Kepada Republika, Herman mengaku, langsung menghubungi Eddy Santoso saat berita ekstradisi Maria Pauline muncul. Ternyata, kata Herman, Eddy bersama terdakwa maupun saksi lain sudah menjalani BAP sekitar sebulan sebelum Maria dipulangkan.
"Jadi Maria Pauline ini sudah dari sebulan lalu sudah ditahan nah itu baru dibawa pulang ke sini pulang. Ditahan di Serbia. Ketika dia ditahan klien saya diperiksa. Yang lain sudah diperiksa semua," kata Herman, Sabtu (11/7).

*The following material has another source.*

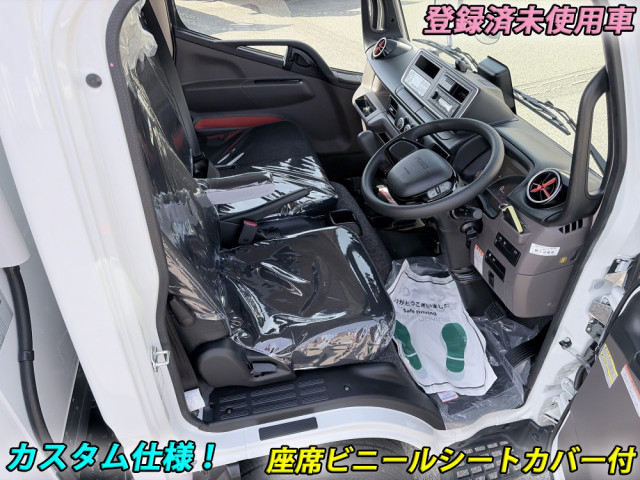 三菱ふそう キャンター 小型 冷蔵冷凍バン 2RG-FBAV0(107642) 4枚目
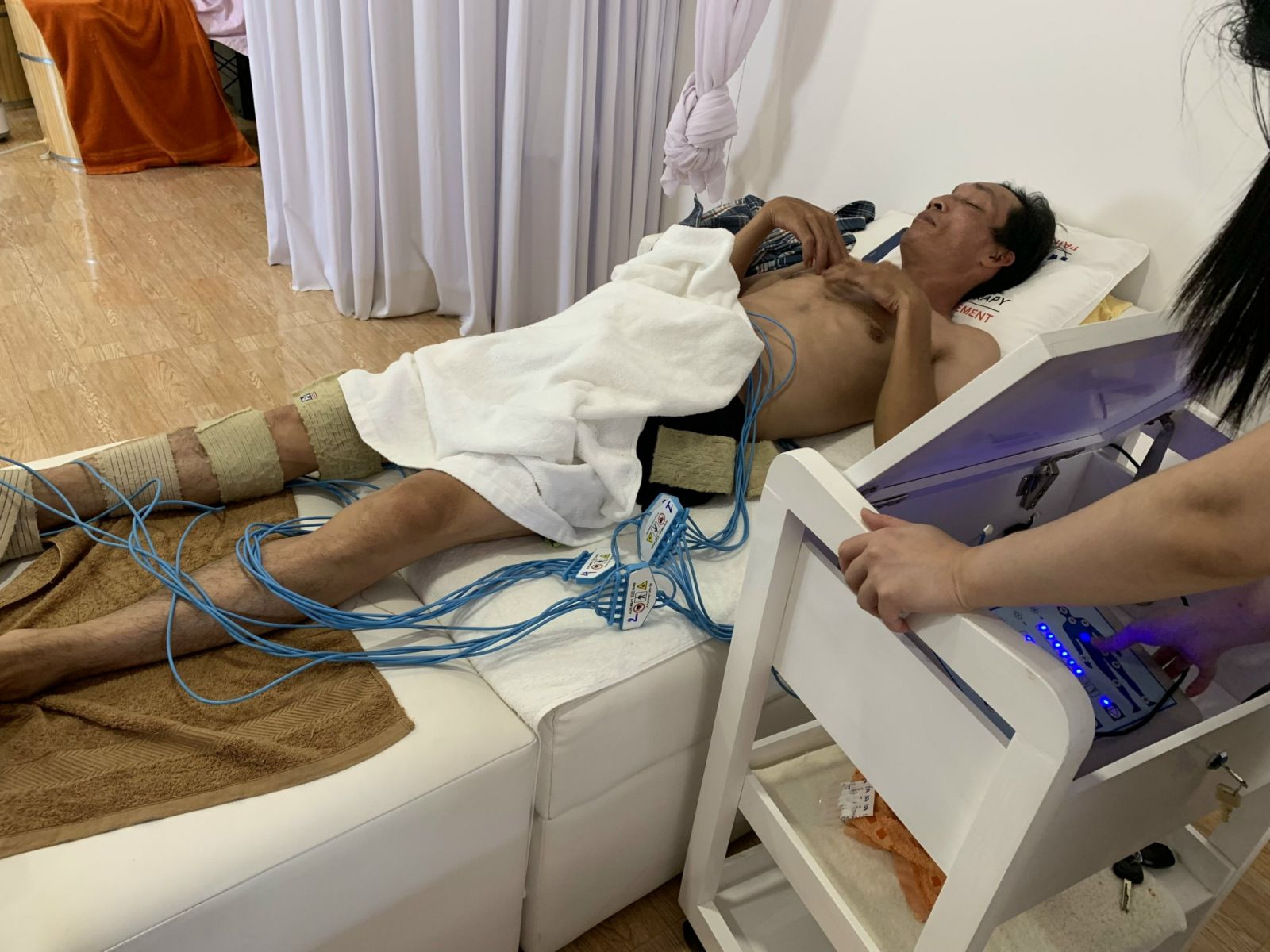 Điều Trị - Hoại tử chỏm xương đùi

Terkait kasus Maria Pauline sendiri, Herman Kadir menyoroti, aset-aset yang disita. Sebagaimana diketahui, Maria Pauline membobol duit BNI hingga mencapai Rp 1,7 triliun. "Sebenarnya yang perlu dikhawatirkan itu aset-aset bank yang disita. Itu kan aset Maria Pauline dan Gramarindo, itu kan banyak pak," kata dia.